Jeff, great trip, that tuna looks digested...no doubt the blue had that BF in his stomach, good work on the sword how bout landing him during the daylight that was coolhow long was it looks like an 90#.Next time out pm me and we'll meet you out there.


----------



## Magic236 (Oct 1, 2007)

Congrats an a great trip. Good post and pics..


----------



## Ron Mexico (Nov 5, 2007)

Jeff I had an awsome time fishing with ya'll. The way we released all those fish, we'll have some good Karma heading our with next time we wet a line.


----------



## need2fish (Oct 2, 2007)

Great report and pics. I wish my heartbreaks were that good.


----------



## 401 Cay (Sep 30, 2007)

As always a great report and pics.. way to go Jeff!


----------



## Ron Mexico (Nov 5, 2007)

Sword was 60' lower jaw to fork. Looked like he may have been on wieght watchers.


----------



## Corpsman (Oct 3, 2007)

Jeff. You are da man!


----------



## daddytime (Oct 1, 2007)

Wow, great report as always. You guysare swordfish pro's as you produce every trip it seems. Thanks for sharing. :usaflag


----------



## mpmorr (Oct 3, 2007)

> *need2fish (11/8/2008)*Great report and pics. I wish my heartbreaks were that good.

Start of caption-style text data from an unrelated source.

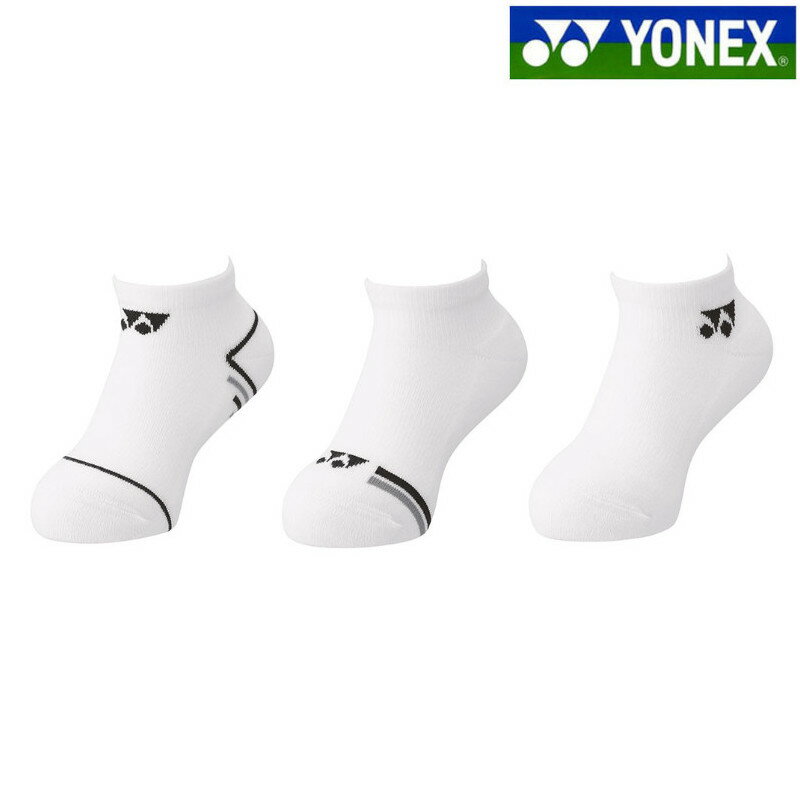 【返品・交換不可】ヨネックス スニーカーインソックス(3足セット) 19199JY ジュニア 2023SS バドミントン テニスソフトテニス
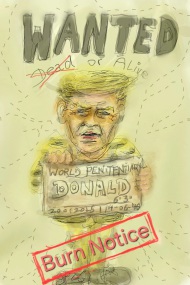 Trump, War, Iran, Wanted, Burn Notice
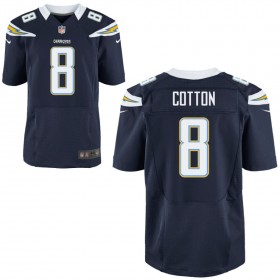 Men's Los Angeles Chargers Nike Navy Elite Jersey COTTON#8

x2 my definition of heart break is a little different, congrats.


----------



## old school (Nov 16, 2007)

Nice trip. Looks like you were in a 26 Glacier Bay? Igot one a few monthsago (Honda 150s on it), but have not taken it to the rigs yet.I have two 90 gal tanks, what do you have on yours?Did you have to take extragas?If you would liketo pair up your next trip send me a pm. 

Rgs

Bill


----------